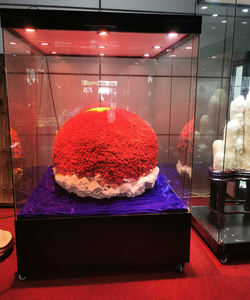 ZHONGYI Minéraux <span class=keywords><strong>Pierres</strong></span> Précieuses <span class=keywords><strong>Vitrine</strong></span> Apophyllite Minéraux <span class=keywords><strong>Pierres</strong></span> Naturelles <span class=keywords><strong>Vitrine</strong></span> En Cristal pour Artisanat Reiki Roches - Product Image 6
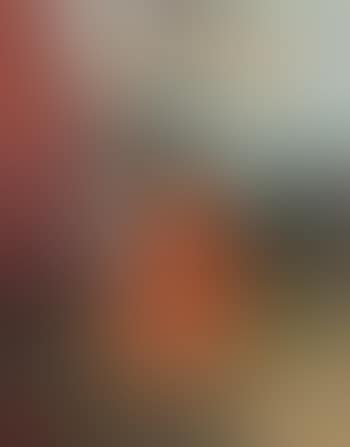 Les roses au vase orange (preview)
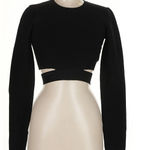 Babaton Ten by  Aritzia Shirt Photo 0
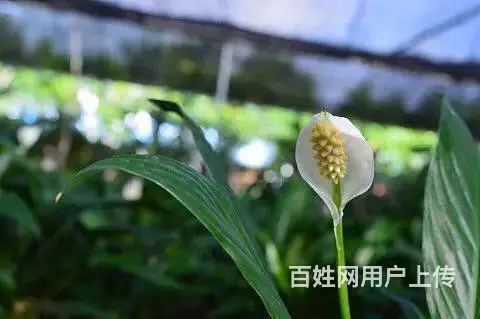 花卉苗木 - 图片 4
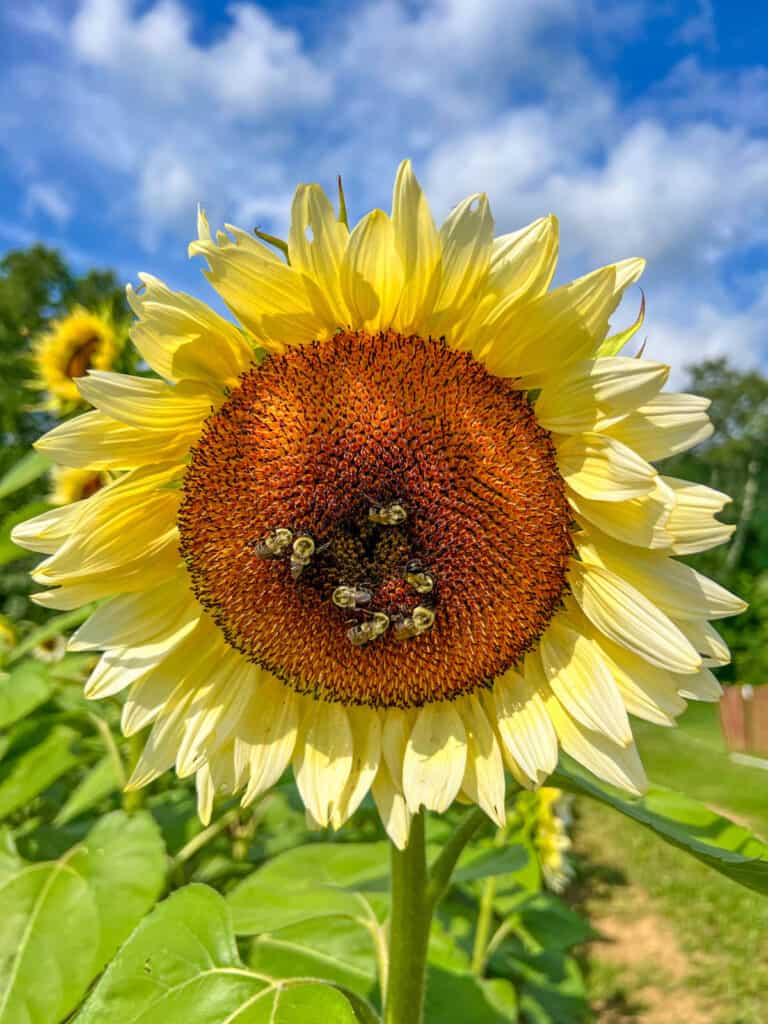 sunflower with bees on it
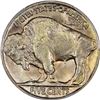 Image 4 : 1937-D MS-67 PCGS.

▬▬▬

Problem to work on
Pictures stay out of this copy. Retype exactly the lines from the one with "花卉苗木 - 图片 4" through the last line of the data, both ends included, and nothing more.

Task response
 花卉苗木 - 图片 4
 sunflower with bees on it
 Image 4 : 1937-D MS-67 PCGS.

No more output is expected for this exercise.